Low-latency voice agent research. Miso Labs’ 110 ms latency claim is for their hosted API, not local inference, but the architecture is designed for streaming use cases. The model generates audio frame-by-frame, which makes it suitable for real-time voice agent pipelines if you have the hardware to keep up.
Current limitations: English only, no multilingual support. The 8.2B parameter count means this is not a lightweight model—it’s built for quality, not portability. The Modified MIT License permits commercial use but includes specific terms around voice cloning consent and watermarking.
Miso One is not a model you run on a laptop. Here’s what you need to know for local deployment.
| Quantization | VRAM (approx.) | Quality Impact |
|---|---|---|
| FP16 (full) | 16–18 GB | Reference quality |
| Q8_0 | 9–10 GB | Minimal degradation |
| Q4_K_M | 5–6 GB | Noticeable but usable |
| Q4_0 | 4.5–5 GB | Degraded prosody |
At FP16, you need a 24 GB GPU to have headroom for activations and batch processing. A 16 GB GPU (RTX 4060 Ti, RTX 4080) can load the model at FP16 but will be tight on memory for anything beyond single-utterance generation.
The official repository at MisoLabsAI/MisoTTS provides the inference code and setup instructions. The quickest path:
1git clone https://github.com/MisoLabsAI/MisoTTS.git2cd MisoTTS3uv sync --python 3.104source .venv/bin/activate5uv run python run_misotts.py
This downloads the model weights from Hugging Face and generates a sample conversation. For production use, you’ll want to integrate the generator.py module into your own pipeline.
Local inference latency is significantly higher than Miso Labs’ hosted API. Expect 500 ms to 2 seconds for the first audio frame on consumer hardware, depending on GPU and quantization. Streaming generation improves perceived latency but requires careful pipeline design.
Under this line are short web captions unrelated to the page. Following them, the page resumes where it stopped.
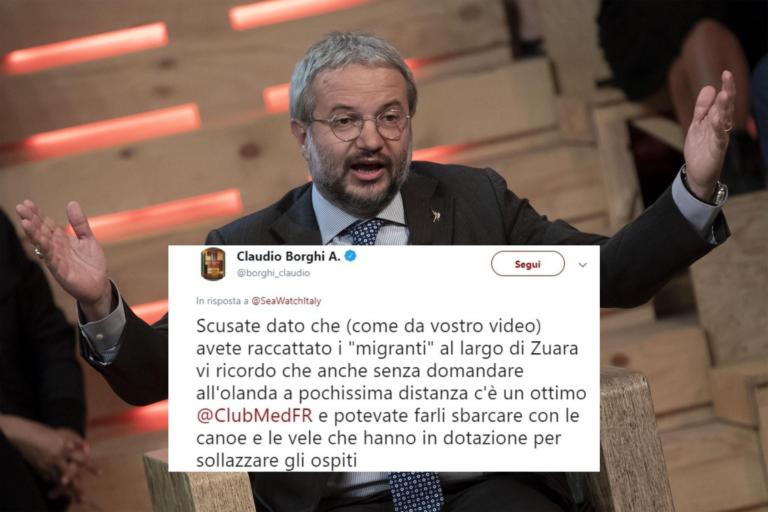 Il leghista Borghi accusa Sea Watch di non aver portato i «clandestini» in un villaggio vacanze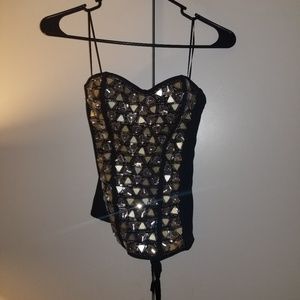 GUESS Bustier Top // Mirror & Rhinestone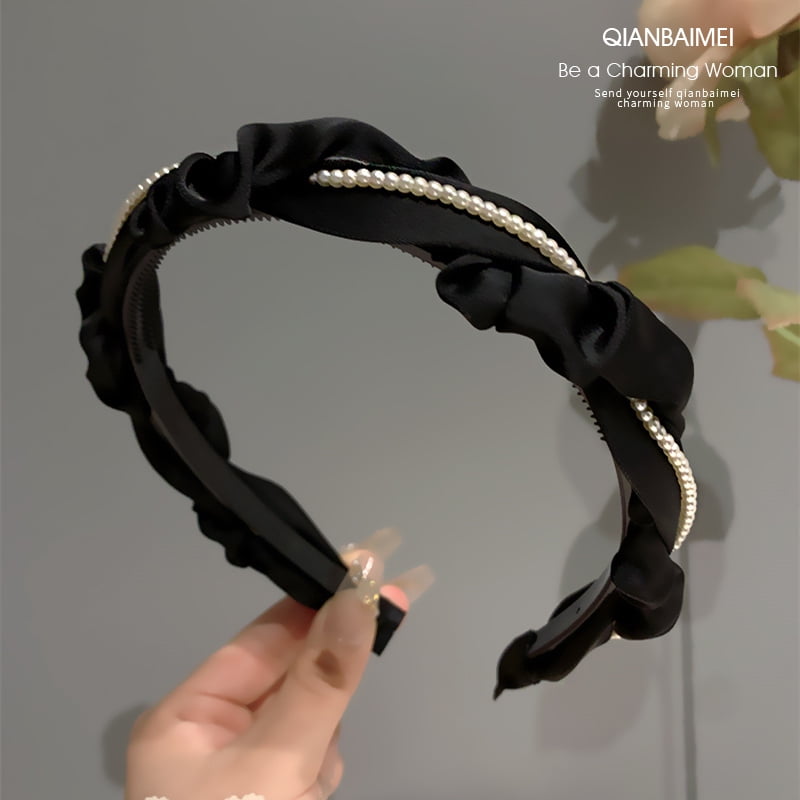 Elegant Black Pearl Headbands for Women and Girls at Walmart display picture 2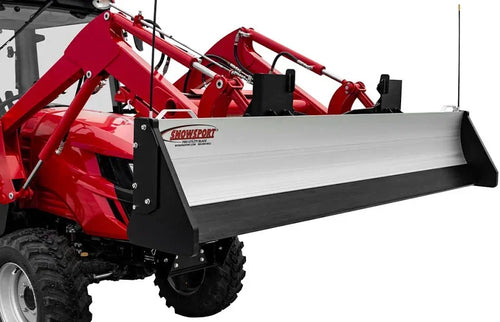 Red tractor with a snow blade attachment on a white background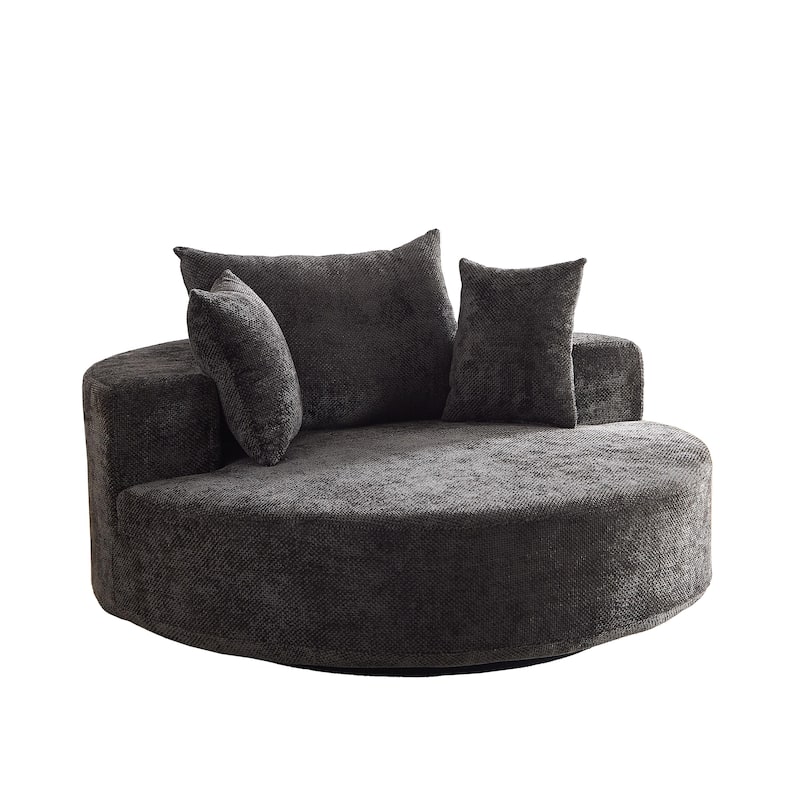 Chenille 360° Swivel Lounge Chairs with Fluffy Foam Cushion and Adjustable Backrest Pillow
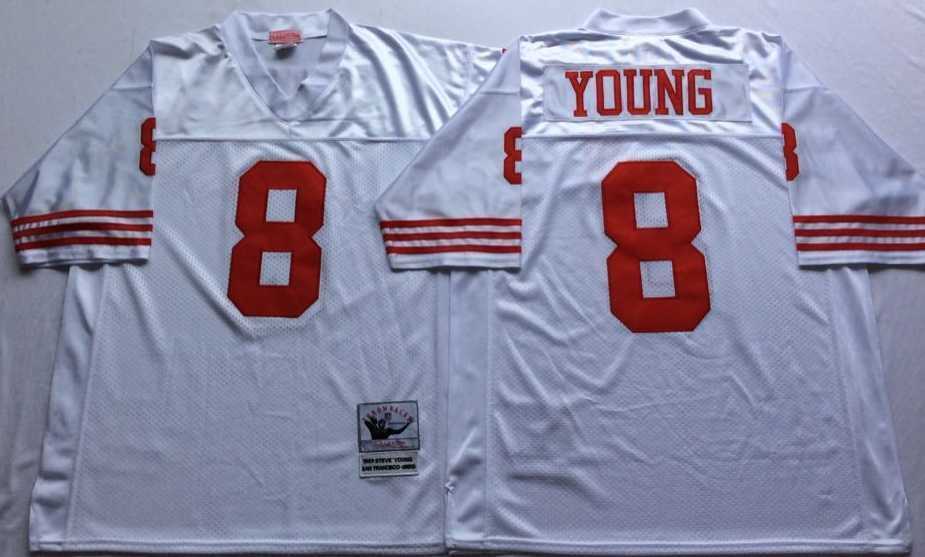 Mens San Francisco 49ers #8 Steve Young White Throwback Stitched Football Jersey->san francisco 49ers->NFL Jersey
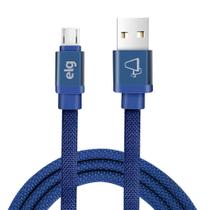 Cabo Micro USB ELG Tecido Canvas Azul 1m CNV510BE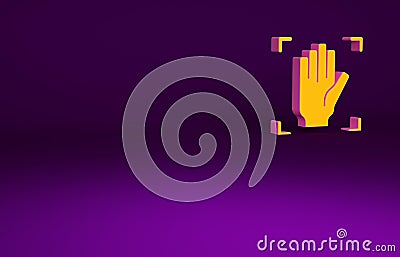 Orange Palm print recognition icon isolated on purple background. Biometric hand scan. Fingerprint identification Cartoon Illustration
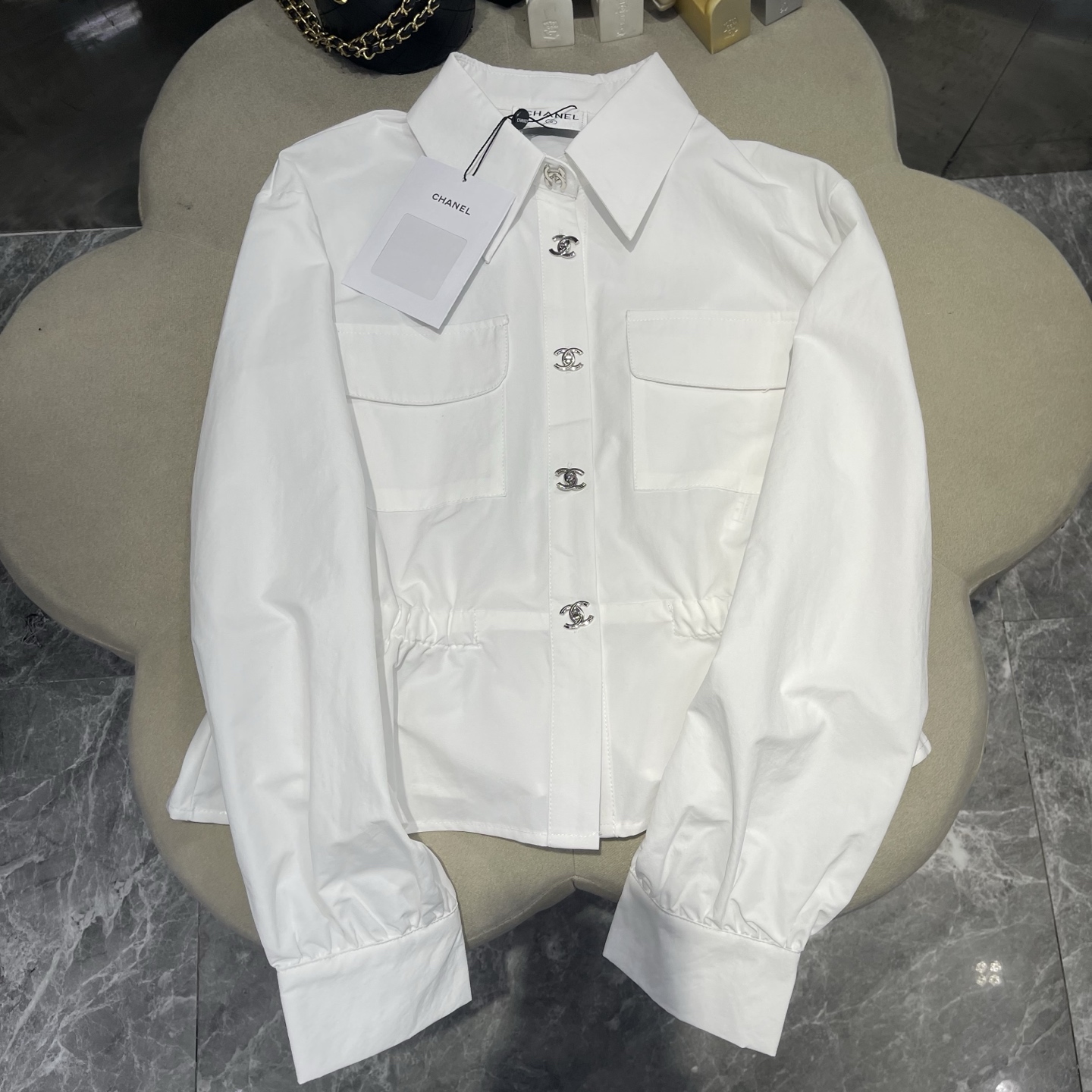 CHANEL White Four Pocket Drawstring Jacket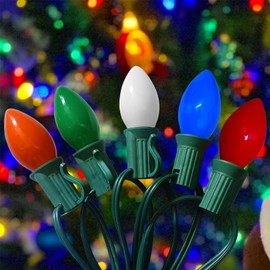 25Ft LED Christmas Lights Multicolor C7 Vintage Christmas Lights with 27 Colored Ceramic LED Bulb Lights(2 Spare), Old Fashioned Christmas Hanging Lights Outdoor for Roof Patio Party Christmas Decor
GGUF and EXL2 quantizations are not yet available as of initial release, but community conversions are likely to appear quickly given the model’s popularity.
vs. XTTSv2 (Coqui): XTTSv2 is smaller (~1.6B parameters) and runs on far less hardware—8 GB VRAM is sufficient. It supports multilingual TTS and voice cloning. Miso One wins on emotional expressiveness and audio quality (48 kHz vs 24 kHz). XTTSv2 wins on accessibility, speed, and language coverage. Choose Miso One if you need natural conversational delivery and have the GPU budget. Choose XTTSv2 if you need multilingual support or are running on constrained hardware.
vs. Fish Speech 1.5: Fish Speech is also smaller (~500M–1B parameters) and supports multiple languages with voice cloning. It’s faster and more hardware-efficient. Miso One produces more emotionally varied output and higher sample rates. Fish Speech is the practical choice for production pipelines on consumer GPUs. Miso One is the quality choice for voice agents where natural delivery matters more than throughput.
vs. ElevenLabs (proprietary): ElevenLabs offers superior quality and latency but is a paid API. Miso One is open weights and can run locally. If you need the absolute best quality and have budget, ElevenLabs wins. If you need data sovereignty, no per-character costs, or the ability to fine-tune, Miso One is the better option.